Trained on 33 manually-picked shot gathers and applied to the full 117-gather survey.
The pipeline is classical-first, learned-refined, physically-regularized:
- SEG-Y reader (
pick/segy_io.py) — parses Stryde source gathers, geometry from the dataset's custom trace-header bytes, honours the −100 ms recording delay. - Classical baseline (
pick/picker.py) — STA/LTA + AIC + energy-ratio with a velocity-prior search window. Unbiased but limited to ~3 ms MAD (energy detectors lag the human's first-motion convention and occasionally cycle-skip). - Supervised picker (
pick/ml_pick.py,pick/train_cv.py) — a 1-D U-Net (PhaseNet-style) that regresses an onset-probability bump, learning the human first-break convention from the 33 labelled gathers. Trained on Apple-Silicon GPU (MPS).
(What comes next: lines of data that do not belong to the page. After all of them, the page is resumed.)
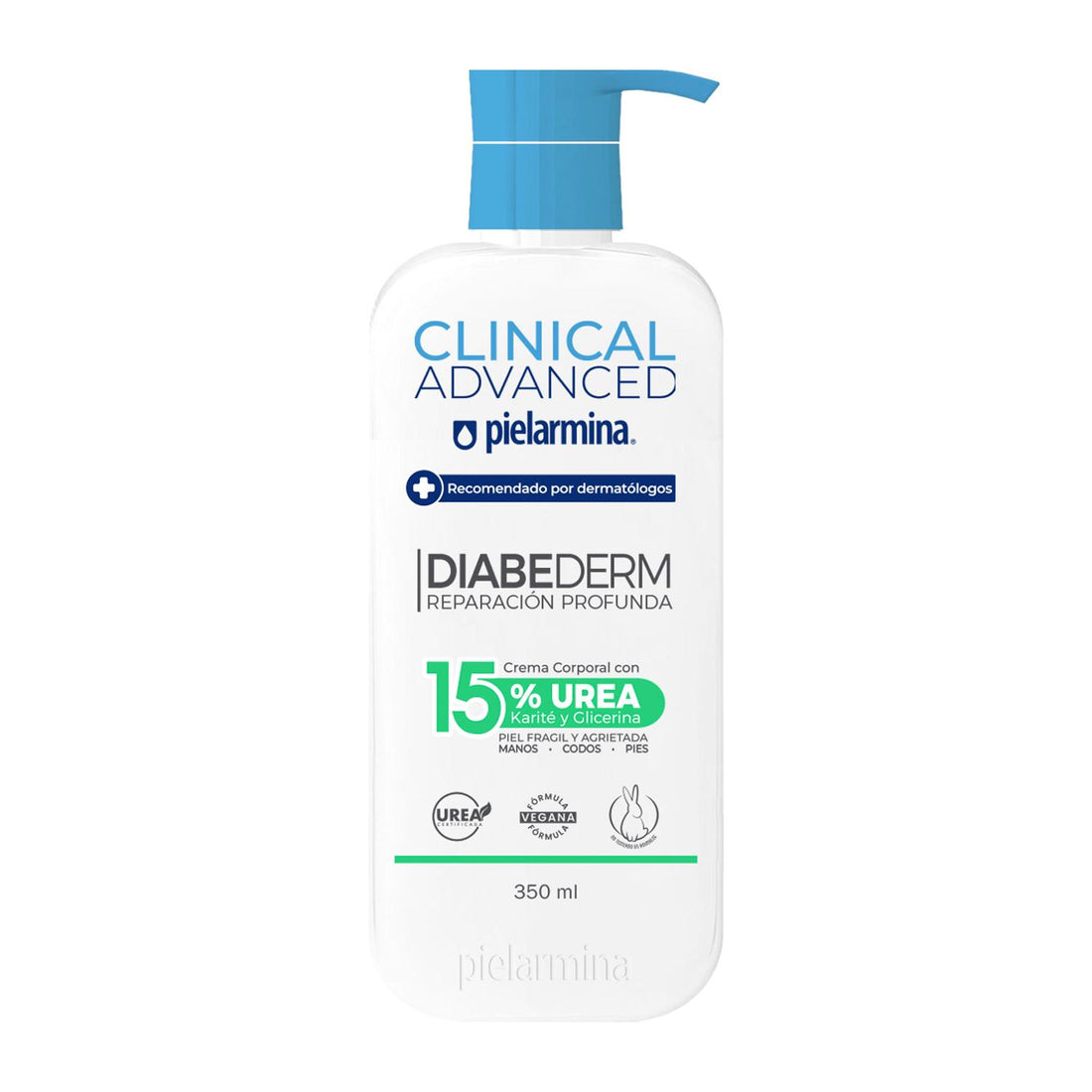Set Cremas Diabederm + Barra Multiacción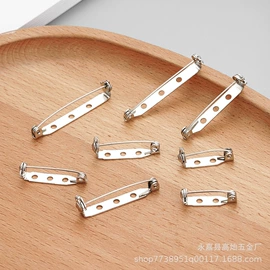 发夹;饰品配件;钮扣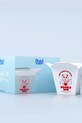 Kvetináč Fluid Market Ramen AAPPRAMEN viacfarebná AA00
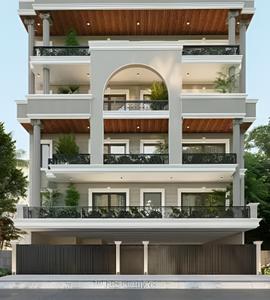 Sharma Homes 3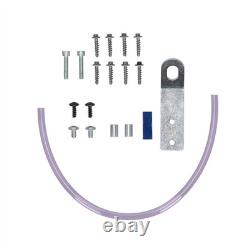 Acerbis Clear Fuel Tank 13L For Beta RR 4T 430 RACE 2025-2026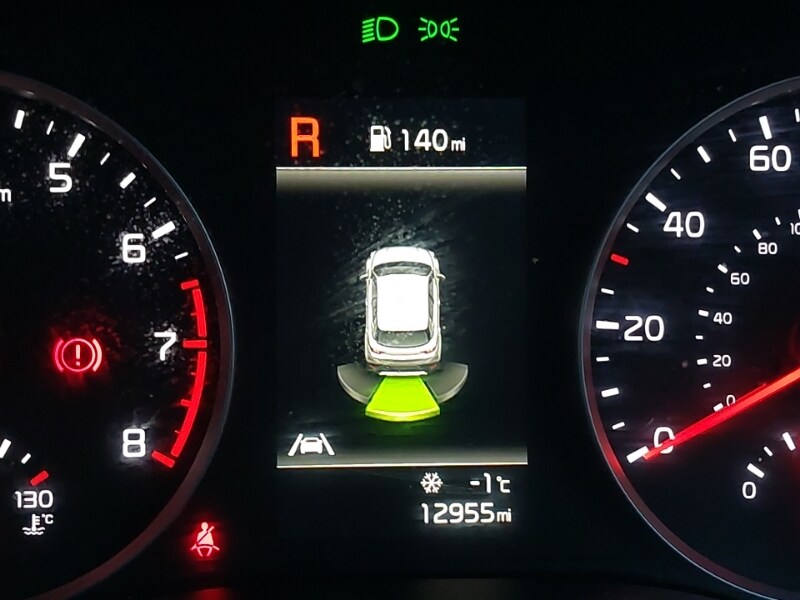 Used Kia Stonic 2021 for sale - 77108235: Photo 16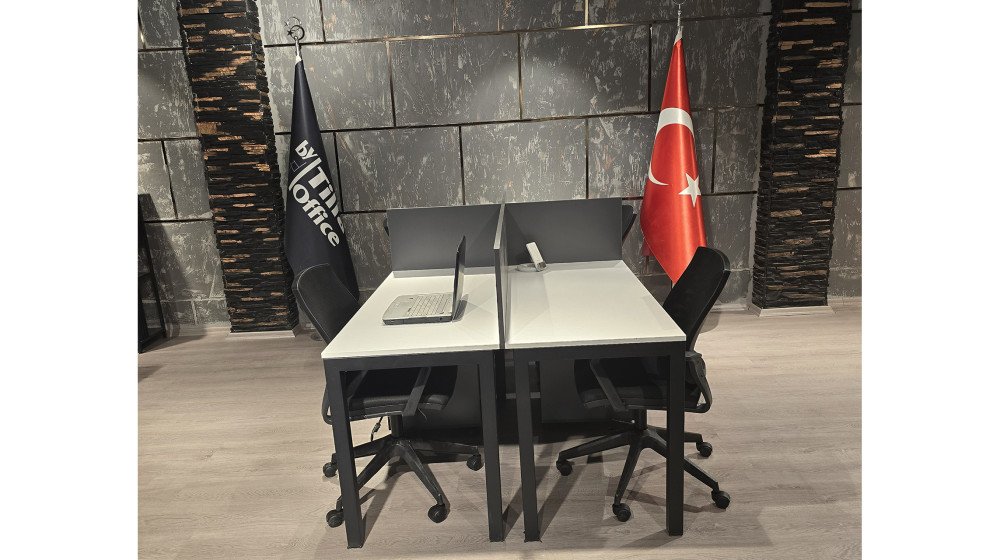 Grup Çoklu Çalışma Masası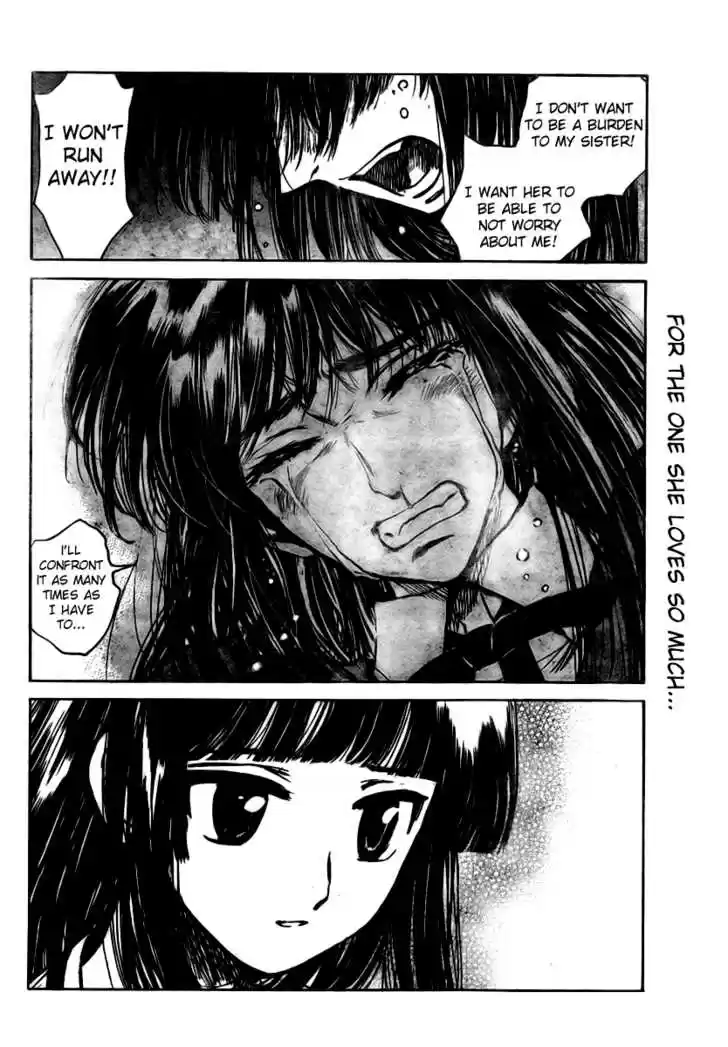 School Rumble 276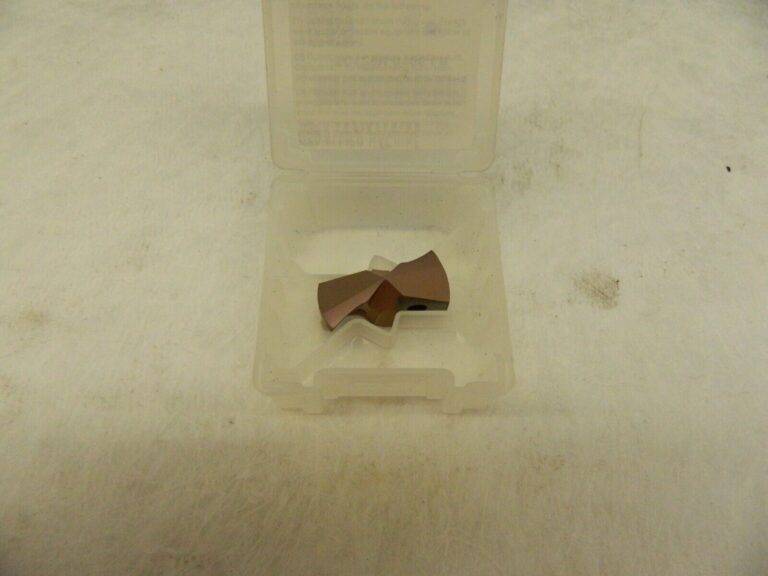 Allied Spade Drill Insert: 1-3/16 Dia, Series 29, Solid Carbide 5C129H-0106-LR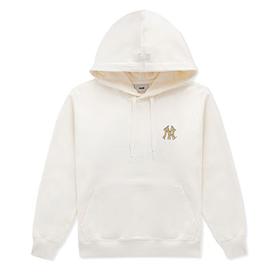 MLB 男女同款连帽卫衣 3AHDQ0151-50CRS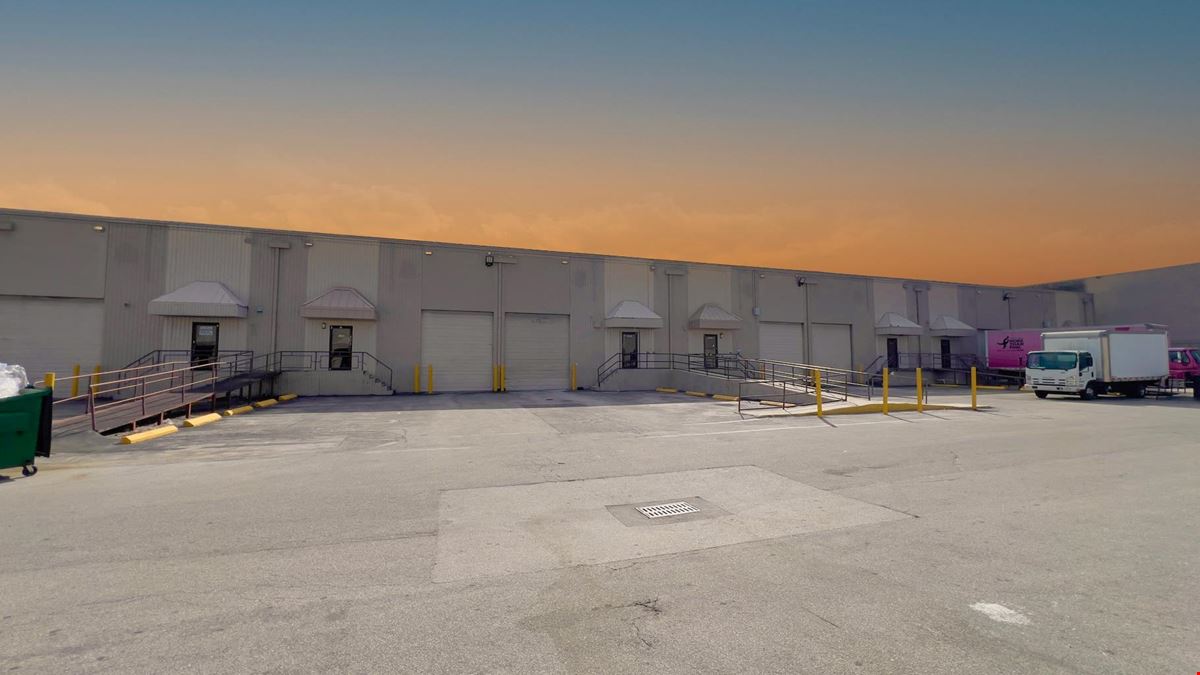 2926 NW 72nd Ave - 9,650- Sq. FT.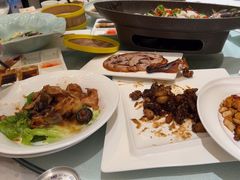 -大铁勺新津菜(东丽阳光新业广场店)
An ensemble provides a disagreement signal for rejection. - Gating — "fewer but correct" (
pick/gate.py) — a pick is kept only if it clears a confidence floor, the ensemble agrees, and it fits a robust local moveout trend. - Moveout regularization (
pick/moveout.py) — per shot, a confidence-weighted LOESS + isotonic fit turns jittery independent picks into a smooth, monotonic, physically-consistent first-break curve (removes the ±1-sample grid jitter that arises from 1 ms sampling over 0.15 m receiver spacing), dropping off-curve picks. - Export (
pick/dataset.py) — writes a pyGIMLi.sgtreusing the original point indices; physically-invalid picks (t ≤ 0) are removed.
Leave-shots-out cross-validation against the manual picks:
| Metric | Full coverage | Conf-gated (50%) |
|---|---|---|
| Median residual (bias) | +0.16 ms | — |
| MAD | 1.39 ms | 1.05 ms |
| within ±2 ms | 63% | 72% |
Label-free checks on the exported survey:
- Reciprocity (source↔receiver) median |Δt| = 1.68 ms (P90 5 ms).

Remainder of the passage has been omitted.